The role of the reporter in an environment dominated by propaganda and bias was in focus at AUBG this week. One of the most popular faces in Bulgarian television, Boyko Vassilev, spoke on the topic of “Media and Global Conspiracy” in the packed Andrey Delchev Auditorium. The inspiring meeting, which lured many Journalism and Mass Communications and Political Science students, was organized by Asen Dimitrov from the President’s Office and Cosmina Tanasoiu, a Professor of  European Studies at AUBG.



Boyko Vassilev is a world renowned journalist, war correspondent and currently the host of “Panorama” - the most popular political talk show in Bulgaria, and as such has had the chance to interview some of the most influential figures in world’s politics, society and culture.

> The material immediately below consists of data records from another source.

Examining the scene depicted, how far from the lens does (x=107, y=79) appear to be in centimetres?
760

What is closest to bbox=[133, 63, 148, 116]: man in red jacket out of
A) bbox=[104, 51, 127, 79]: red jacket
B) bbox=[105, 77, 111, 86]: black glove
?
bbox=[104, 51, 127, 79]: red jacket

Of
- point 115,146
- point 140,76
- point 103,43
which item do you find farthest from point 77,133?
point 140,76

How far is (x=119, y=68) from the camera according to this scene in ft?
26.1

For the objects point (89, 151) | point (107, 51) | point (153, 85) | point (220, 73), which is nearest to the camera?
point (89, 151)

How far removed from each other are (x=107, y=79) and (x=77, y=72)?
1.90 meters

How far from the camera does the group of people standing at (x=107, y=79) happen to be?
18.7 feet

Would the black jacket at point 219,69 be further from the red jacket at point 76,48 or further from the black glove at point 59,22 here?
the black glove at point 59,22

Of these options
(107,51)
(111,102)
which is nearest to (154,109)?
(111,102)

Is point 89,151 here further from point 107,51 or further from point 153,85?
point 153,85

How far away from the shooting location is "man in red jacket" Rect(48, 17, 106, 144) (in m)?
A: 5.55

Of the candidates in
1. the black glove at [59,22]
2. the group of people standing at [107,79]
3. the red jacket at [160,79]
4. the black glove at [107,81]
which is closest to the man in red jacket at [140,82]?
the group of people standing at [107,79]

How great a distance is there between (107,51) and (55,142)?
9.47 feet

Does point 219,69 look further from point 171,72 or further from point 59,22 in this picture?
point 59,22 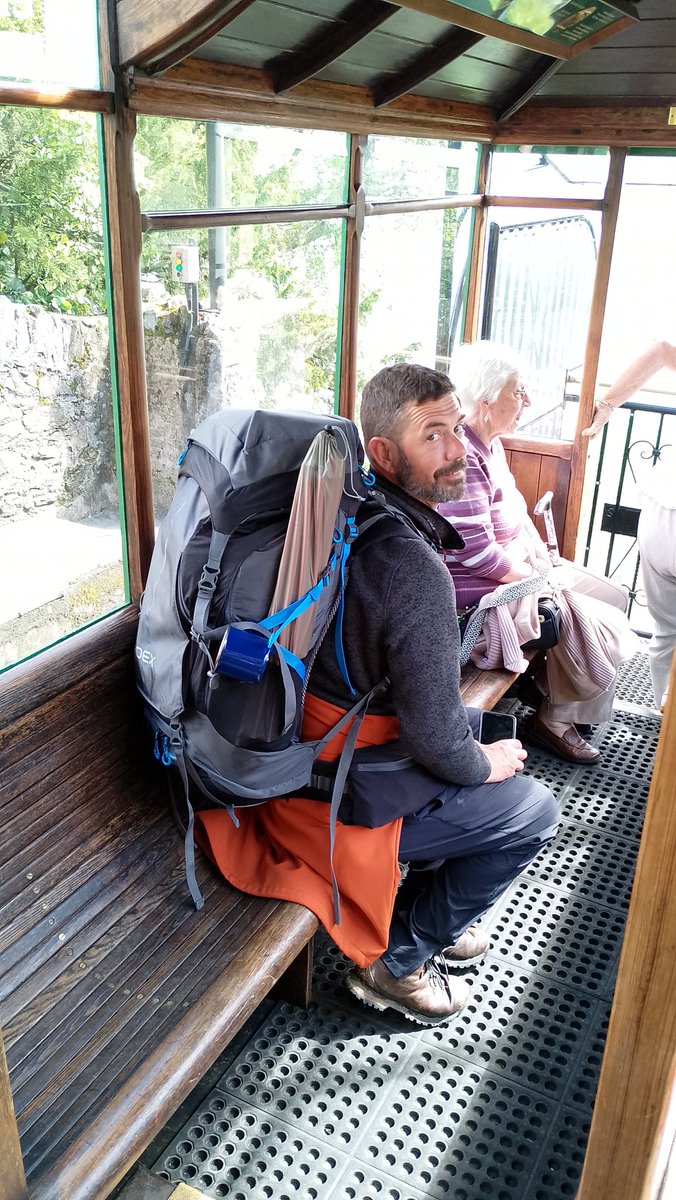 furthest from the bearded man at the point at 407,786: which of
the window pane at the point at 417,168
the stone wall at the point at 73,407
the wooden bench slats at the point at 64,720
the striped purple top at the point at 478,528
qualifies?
the window pane at the point at 417,168

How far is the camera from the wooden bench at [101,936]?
189 centimetres

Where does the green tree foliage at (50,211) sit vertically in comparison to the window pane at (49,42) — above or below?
below

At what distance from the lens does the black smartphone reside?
286 centimetres

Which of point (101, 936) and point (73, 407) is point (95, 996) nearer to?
point (101, 936)

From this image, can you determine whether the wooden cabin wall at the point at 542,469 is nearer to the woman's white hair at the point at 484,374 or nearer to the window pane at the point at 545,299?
the window pane at the point at 545,299

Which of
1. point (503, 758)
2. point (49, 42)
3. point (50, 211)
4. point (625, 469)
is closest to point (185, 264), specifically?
point (50, 211)

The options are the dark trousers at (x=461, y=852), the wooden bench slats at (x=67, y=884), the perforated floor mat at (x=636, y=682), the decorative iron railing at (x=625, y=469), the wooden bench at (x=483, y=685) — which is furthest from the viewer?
the decorative iron railing at (x=625, y=469)

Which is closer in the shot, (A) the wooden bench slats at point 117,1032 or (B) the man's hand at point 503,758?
(A) the wooden bench slats at point 117,1032

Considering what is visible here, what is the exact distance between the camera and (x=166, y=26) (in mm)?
2256

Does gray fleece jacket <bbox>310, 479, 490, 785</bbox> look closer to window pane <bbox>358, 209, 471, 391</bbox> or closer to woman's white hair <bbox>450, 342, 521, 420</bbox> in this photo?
woman's white hair <bbox>450, 342, 521, 420</bbox>

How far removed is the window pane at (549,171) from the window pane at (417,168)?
13 cm

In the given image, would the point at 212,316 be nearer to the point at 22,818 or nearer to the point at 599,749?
the point at 22,818

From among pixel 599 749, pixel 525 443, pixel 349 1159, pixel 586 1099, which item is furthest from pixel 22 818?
pixel 525 443

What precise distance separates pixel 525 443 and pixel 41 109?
324 cm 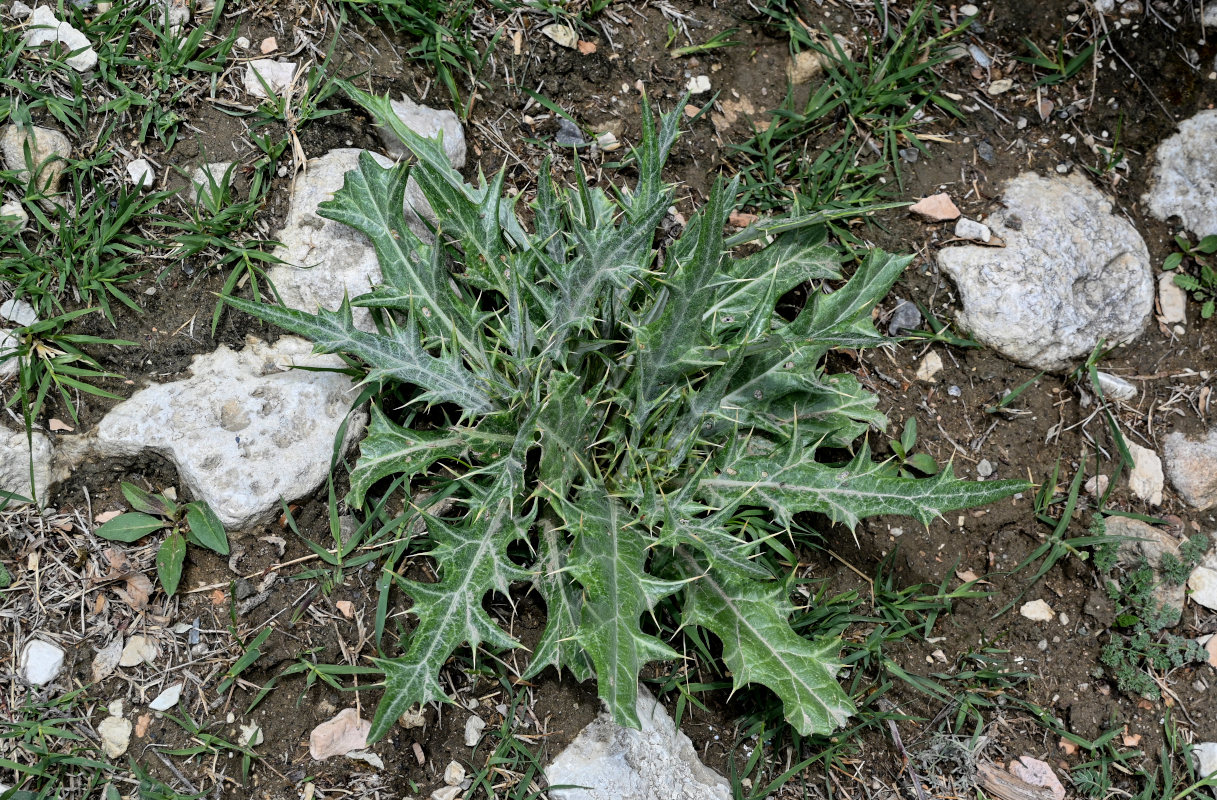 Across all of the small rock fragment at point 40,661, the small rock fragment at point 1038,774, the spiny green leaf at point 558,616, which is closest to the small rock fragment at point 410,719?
the spiny green leaf at point 558,616

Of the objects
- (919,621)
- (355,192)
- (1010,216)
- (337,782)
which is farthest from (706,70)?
(337,782)

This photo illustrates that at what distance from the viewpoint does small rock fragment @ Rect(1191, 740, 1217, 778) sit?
8.80 feet

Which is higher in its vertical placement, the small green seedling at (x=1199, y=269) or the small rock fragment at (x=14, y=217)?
the small rock fragment at (x=14, y=217)

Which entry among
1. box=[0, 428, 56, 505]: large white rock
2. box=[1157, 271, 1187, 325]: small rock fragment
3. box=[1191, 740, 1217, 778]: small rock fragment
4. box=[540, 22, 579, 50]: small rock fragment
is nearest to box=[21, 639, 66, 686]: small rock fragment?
box=[0, 428, 56, 505]: large white rock

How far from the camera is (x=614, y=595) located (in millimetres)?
2215

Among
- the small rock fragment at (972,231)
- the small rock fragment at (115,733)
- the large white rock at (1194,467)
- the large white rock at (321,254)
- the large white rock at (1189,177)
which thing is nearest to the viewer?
the small rock fragment at (115,733)

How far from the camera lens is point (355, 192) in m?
2.49

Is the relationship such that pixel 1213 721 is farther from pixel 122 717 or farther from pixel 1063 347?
pixel 122 717

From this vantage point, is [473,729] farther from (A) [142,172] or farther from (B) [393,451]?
(A) [142,172]

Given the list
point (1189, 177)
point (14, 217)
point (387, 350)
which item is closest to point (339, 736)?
point (387, 350)

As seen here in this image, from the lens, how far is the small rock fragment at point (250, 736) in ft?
7.48

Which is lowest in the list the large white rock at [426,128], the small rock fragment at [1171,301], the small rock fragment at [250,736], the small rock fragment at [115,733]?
the small rock fragment at [250,736]

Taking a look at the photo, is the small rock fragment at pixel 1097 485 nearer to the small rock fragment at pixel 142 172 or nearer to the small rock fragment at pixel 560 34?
the small rock fragment at pixel 560 34

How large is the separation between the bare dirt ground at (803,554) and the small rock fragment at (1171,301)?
0.14 ft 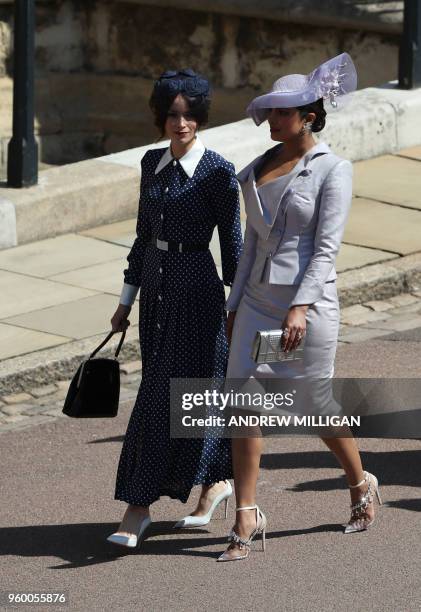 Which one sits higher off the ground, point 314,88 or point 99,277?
point 314,88

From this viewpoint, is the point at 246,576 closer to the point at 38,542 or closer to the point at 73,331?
the point at 38,542

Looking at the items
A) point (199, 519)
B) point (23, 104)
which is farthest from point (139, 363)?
point (23, 104)

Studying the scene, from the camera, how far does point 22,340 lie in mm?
8164

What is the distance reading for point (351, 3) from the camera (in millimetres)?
14703

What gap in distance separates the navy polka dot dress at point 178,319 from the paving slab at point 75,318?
230 cm

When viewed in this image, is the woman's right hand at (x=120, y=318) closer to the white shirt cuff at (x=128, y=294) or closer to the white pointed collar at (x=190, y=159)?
the white shirt cuff at (x=128, y=294)

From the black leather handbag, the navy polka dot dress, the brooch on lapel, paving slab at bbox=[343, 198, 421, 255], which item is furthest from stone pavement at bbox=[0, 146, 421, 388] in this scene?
the brooch on lapel

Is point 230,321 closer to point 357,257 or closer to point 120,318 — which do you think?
point 120,318

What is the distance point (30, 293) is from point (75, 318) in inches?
23.2

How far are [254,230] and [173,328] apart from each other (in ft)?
1.66

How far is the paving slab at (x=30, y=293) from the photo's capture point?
28.8 feet

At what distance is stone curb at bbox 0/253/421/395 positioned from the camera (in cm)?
773

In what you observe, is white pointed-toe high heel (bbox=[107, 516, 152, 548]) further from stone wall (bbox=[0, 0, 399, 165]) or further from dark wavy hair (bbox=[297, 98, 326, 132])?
stone wall (bbox=[0, 0, 399, 165])

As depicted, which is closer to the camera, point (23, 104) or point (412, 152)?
point (23, 104) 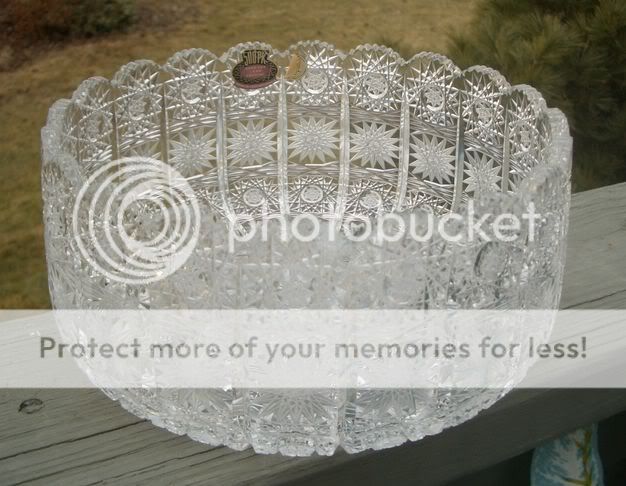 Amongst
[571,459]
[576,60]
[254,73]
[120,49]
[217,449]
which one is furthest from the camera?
[120,49]

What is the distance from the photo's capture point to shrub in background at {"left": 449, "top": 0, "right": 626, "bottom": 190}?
1.71 m

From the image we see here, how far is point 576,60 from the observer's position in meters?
1.76

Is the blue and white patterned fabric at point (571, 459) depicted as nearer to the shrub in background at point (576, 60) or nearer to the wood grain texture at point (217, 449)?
the wood grain texture at point (217, 449)

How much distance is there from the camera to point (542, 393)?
3.20 ft

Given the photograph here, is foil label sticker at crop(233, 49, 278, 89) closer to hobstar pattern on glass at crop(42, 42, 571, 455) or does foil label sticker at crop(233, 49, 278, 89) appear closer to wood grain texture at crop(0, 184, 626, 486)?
hobstar pattern on glass at crop(42, 42, 571, 455)

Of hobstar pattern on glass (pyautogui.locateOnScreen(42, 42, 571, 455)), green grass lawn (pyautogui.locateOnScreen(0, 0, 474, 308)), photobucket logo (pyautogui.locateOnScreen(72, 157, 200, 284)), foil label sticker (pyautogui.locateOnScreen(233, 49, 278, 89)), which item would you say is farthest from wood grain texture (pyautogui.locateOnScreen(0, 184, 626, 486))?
green grass lawn (pyautogui.locateOnScreen(0, 0, 474, 308))

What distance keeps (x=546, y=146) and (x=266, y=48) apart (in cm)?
53

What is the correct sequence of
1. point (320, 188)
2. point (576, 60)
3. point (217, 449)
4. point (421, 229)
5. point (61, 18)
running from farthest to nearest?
1. point (61, 18)
2. point (576, 60)
3. point (320, 188)
4. point (217, 449)
5. point (421, 229)

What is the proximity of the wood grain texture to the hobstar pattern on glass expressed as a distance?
0.13 ft

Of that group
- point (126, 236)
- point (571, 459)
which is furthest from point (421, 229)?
point (571, 459)

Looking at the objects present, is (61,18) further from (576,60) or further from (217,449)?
(217,449)

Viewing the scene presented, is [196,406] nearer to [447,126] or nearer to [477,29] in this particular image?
[447,126]

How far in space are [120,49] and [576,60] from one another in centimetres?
155

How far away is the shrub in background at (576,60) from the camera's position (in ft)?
5.61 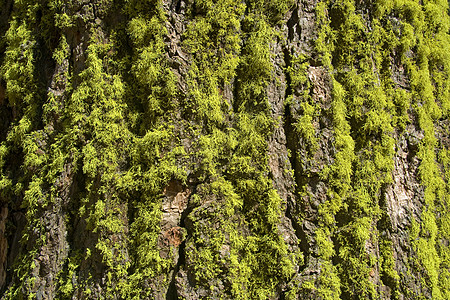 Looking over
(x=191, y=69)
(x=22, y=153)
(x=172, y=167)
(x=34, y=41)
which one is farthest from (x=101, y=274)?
(x=34, y=41)

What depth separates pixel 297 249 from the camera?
2.30 meters

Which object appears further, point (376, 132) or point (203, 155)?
point (376, 132)

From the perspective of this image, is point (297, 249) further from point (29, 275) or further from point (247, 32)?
point (29, 275)

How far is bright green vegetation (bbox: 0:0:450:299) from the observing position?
2.23 m

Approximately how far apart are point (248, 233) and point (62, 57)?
6.21 ft

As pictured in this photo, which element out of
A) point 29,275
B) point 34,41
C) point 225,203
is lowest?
point 29,275

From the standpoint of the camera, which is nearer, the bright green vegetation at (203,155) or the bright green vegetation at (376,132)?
the bright green vegetation at (203,155)

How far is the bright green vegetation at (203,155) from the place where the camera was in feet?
7.32

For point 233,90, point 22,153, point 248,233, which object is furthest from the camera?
point 22,153

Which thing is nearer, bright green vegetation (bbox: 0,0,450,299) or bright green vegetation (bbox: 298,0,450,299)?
bright green vegetation (bbox: 0,0,450,299)

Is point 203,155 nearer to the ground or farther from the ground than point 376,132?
nearer to the ground

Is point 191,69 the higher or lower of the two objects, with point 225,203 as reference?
higher

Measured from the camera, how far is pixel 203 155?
7.56 feet

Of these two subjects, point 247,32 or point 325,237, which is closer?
point 325,237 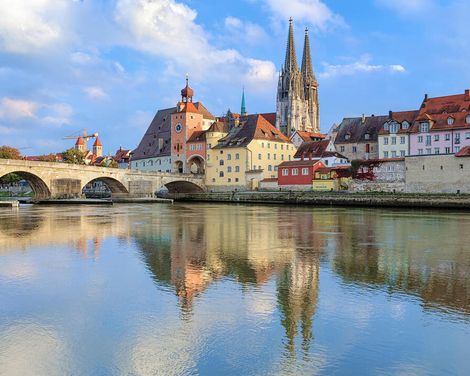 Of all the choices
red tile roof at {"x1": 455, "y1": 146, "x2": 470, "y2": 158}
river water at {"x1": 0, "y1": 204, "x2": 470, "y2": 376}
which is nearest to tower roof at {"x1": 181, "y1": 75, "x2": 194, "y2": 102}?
red tile roof at {"x1": 455, "y1": 146, "x2": 470, "y2": 158}

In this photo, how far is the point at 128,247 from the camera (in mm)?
18531

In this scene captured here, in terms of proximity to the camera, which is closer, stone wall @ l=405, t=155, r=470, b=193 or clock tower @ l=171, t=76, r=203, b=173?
stone wall @ l=405, t=155, r=470, b=193

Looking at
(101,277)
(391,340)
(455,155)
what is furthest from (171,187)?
(391,340)

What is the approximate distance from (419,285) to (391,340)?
14.0ft

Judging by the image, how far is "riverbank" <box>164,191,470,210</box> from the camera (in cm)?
4834

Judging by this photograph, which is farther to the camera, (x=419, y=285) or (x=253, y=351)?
(x=419, y=285)

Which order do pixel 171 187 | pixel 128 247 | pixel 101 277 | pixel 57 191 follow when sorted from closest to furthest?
pixel 101 277 < pixel 128 247 < pixel 57 191 < pixel 171 187

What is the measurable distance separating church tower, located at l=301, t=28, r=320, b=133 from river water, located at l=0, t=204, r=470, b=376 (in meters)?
107

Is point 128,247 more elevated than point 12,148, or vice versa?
point 12,148

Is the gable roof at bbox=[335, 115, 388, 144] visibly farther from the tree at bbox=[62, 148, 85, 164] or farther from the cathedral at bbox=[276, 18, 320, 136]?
the tree at bbox=[62, 148, 85, 164]

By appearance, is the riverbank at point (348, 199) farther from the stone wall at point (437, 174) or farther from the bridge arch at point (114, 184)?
the bridge arch at point (114, 184)

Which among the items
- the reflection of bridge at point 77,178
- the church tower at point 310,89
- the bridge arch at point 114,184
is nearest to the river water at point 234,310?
the reflection of bridge at point 77,178

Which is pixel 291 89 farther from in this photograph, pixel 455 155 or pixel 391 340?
pixel 391 340

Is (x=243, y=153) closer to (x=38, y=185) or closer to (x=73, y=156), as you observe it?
(x=38, y=185) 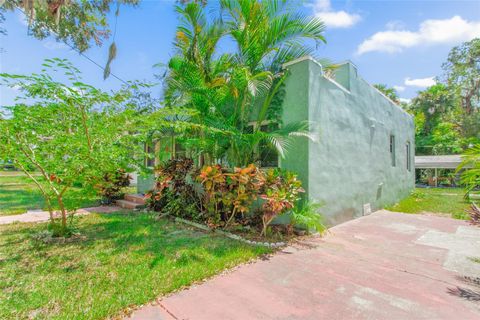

“As a journalist you should always doubt…” he began his presentation, sharing moments from his experience as a war correspondent in former Yugoslavia during the 90’s. “Sometimes even your own eyes could mislead you”. The particular example he had in mind was that of a bombing victim he mistakenly reported to be younger than she was, just because, in an attempt to get closer to the truth, he rushed to the site of the atrocity, instead of waiting for the official press release.  “Although reflecting reality, pictures can be deceiving too”, continued Mr. Vasilev, further referring to instances from his practice where photos will very often show only one side of a conflict. 



“Paradoxically, opinions, if you collect a good variety of them, from different sides and angles, can be more objective” went on the speaker and later on concluded that as a journalist, and a person who stands for the objective representation of reality, one should bring balance, inform the public of what they see through the words they hear. Before presenting something to the wider public, one should doubt the sources, doubt everything they know, dig deep to find out the truth and think about what it is in the picture that would make people assume wrong.

Expectedly, the fascinated audience engaged actively in the Q&A session which followed, with Mr. Vassilev being urged to share opinions on various topics, including Balkan media, censorship and conspiracy theories. Coming from someone with such a rich professional resume and personal charisma, the concepts introduced by the speaker might as well be regarded as a part of a valuable master-class for the future journalists and political analysts in the auditorium.